In the twentieth century, new laws were set to govern the aboriginal people for example the aboriginal boards under special legislation were put in place to detain people on reserves, monitor their daily lives and work among many other functions that the boards were to undertake. These boards were to be used as a form of aboriginal advancement but in turn have dispossessed the aboriginal people of their rights. This is due to so many reasons that I personally think were of disadvantage to the aboriginal people.

After being pushed back to reserves from the camps in 1930s due to the government need to save the dole that they were paying them, the aboriginal people felt life in these reserves was too tough and was always controlled by regulations. These people were required to obey house inspections, mangers of the reserves and allow their children to be taken by Europeans in turn of cheap labor in return to have shelter, education and food. This was a form of discrimination to the indigenous group as their rations were withheld when they did not abide to the rules and regulations since every human has a right to be entitled to the basic needs.

Harsh labor that prevailed for the indigenous people was a form of slavery since children were forced to work for the Europeans for a lesser fee. These children worked on the farms, did domestic chores and did not work for the masters alone but also for their children. Young boys worked on the farms while their counter parts young girls faced exploitation from double jeopardy of being a female and as well as an aboriginal as they did domestic service. The young girls were expected to do cooking, house chores, child-minding and gardening.

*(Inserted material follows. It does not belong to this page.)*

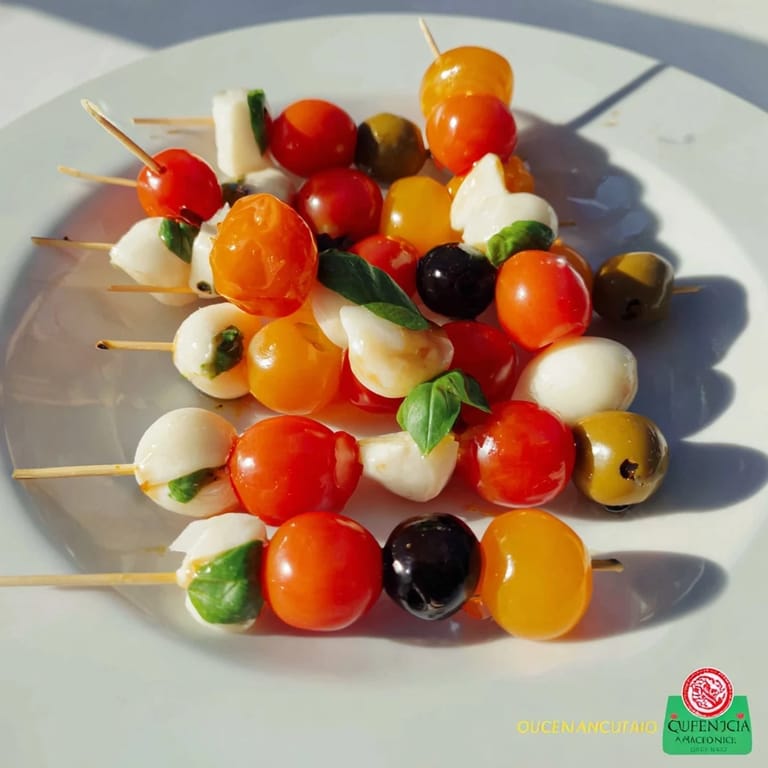 Fresh cherry tomatoes and olives artfully arranged as Christmas Lights Olive and Tomato Skewers for a colorful party.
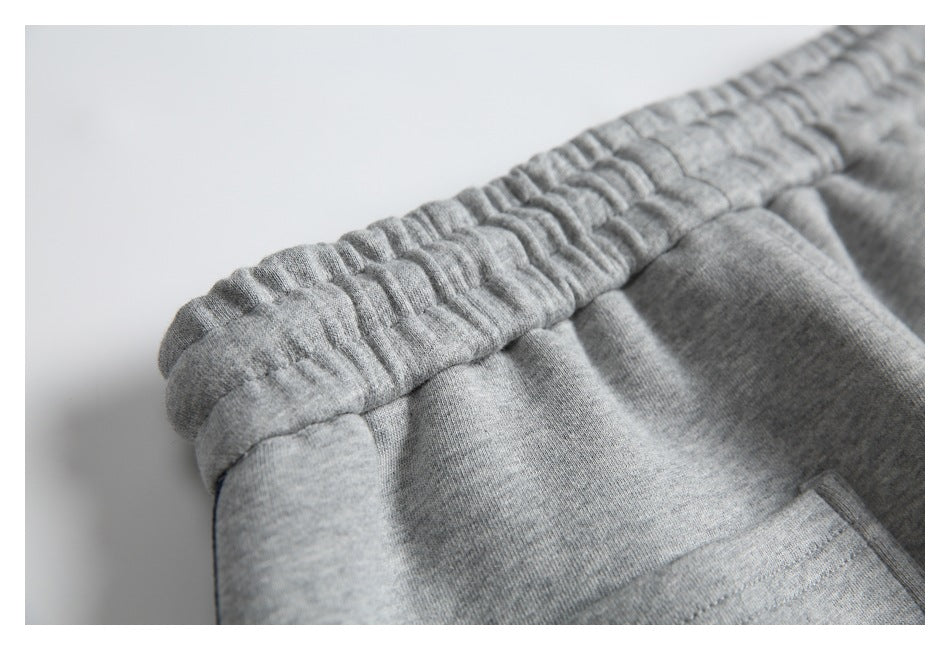 Close-up of the gathered elastic waistband and stitching on gray sweatpants.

Many of the girls that were working as domestic workers came back to their homes while pregnant either to their employers or their sons and workers. While the board was to be their protector, nothing much was done to avoid sexual abuse and this underestimated girls level of sexual activity. The board ignored all clear evidence of sexual abuse and encouraged systematic sexual abuse and impregnation of aboriginal girls in domestic apprenticeships which many thought was way of eradicating the aboriginal population. Studies done about domestic services of girls in Queensland did liken their work to slavery because of strenuous labor for just a quarter of the European wage, lack of protection from sexual and physical abuse and having their wages held up in trust accounts (Findandconnect.gov.au, 2015).

The older indigenous Australians were forced to work as stockmen on cattle stations and sheep stations at a minimum wage which was needed to meet larger demands due to their larger families and kinship obligations rather than the European workers. This further compounded Aboriginal poverty. All these were evident at Moor River where poor living conditions prompted them to rural laboring and domestic services for the whites which at the time in the twentieth century were on high demand. Alice Barrett (Worldcat.org, 2015) had an account of all the misery that girls face in the hands of their masters.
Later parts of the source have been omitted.